Whenever a picture appears in the listing below, leave it out, and copy exactly the lines from the one containing "Horse Color:Silver Black Appaloosa Rabicano" through the end.

START DATASET EXCERPT

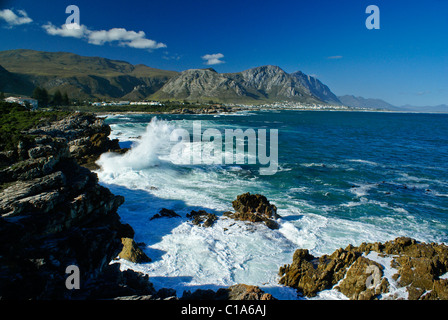 Gansbaai und Walker Bay, Western Cape, Südafrika Stockfoto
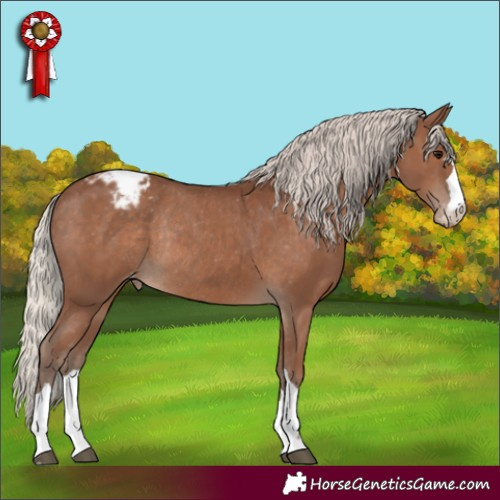 Horse Color:Silver Black Appaloosa Rabicano 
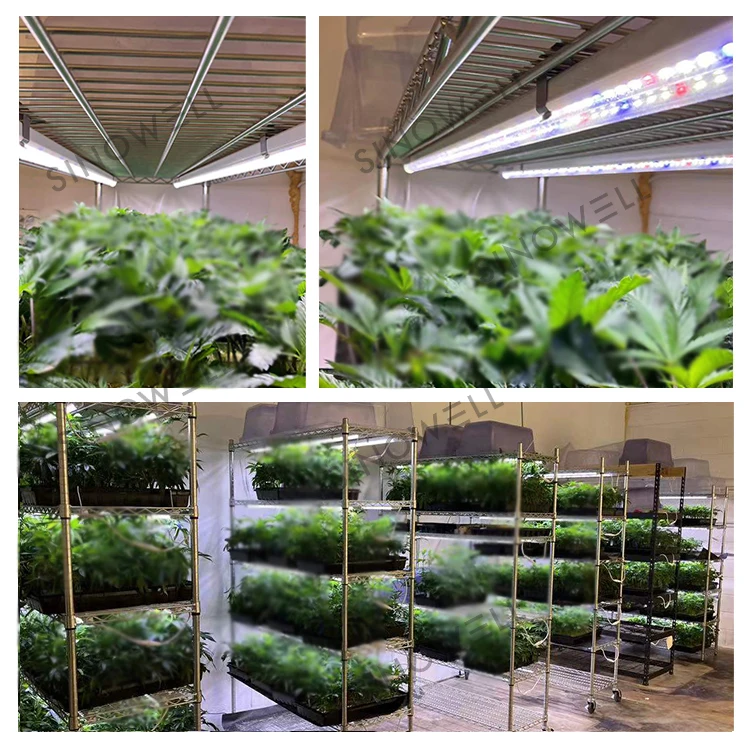 Sinowell Daisy-Chain Clone Led Grow Light 9 Watt 18 Watt for Seedling Cloning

END DATASET EXCERPT

### [WORKED SOLUTION]
 Horse Color:Silver Black Appaloosa Rabicano 
 Sinowell Daisy-Chain Clone Led Grow Light 9 Watt 18 Watt for Seedling Cloning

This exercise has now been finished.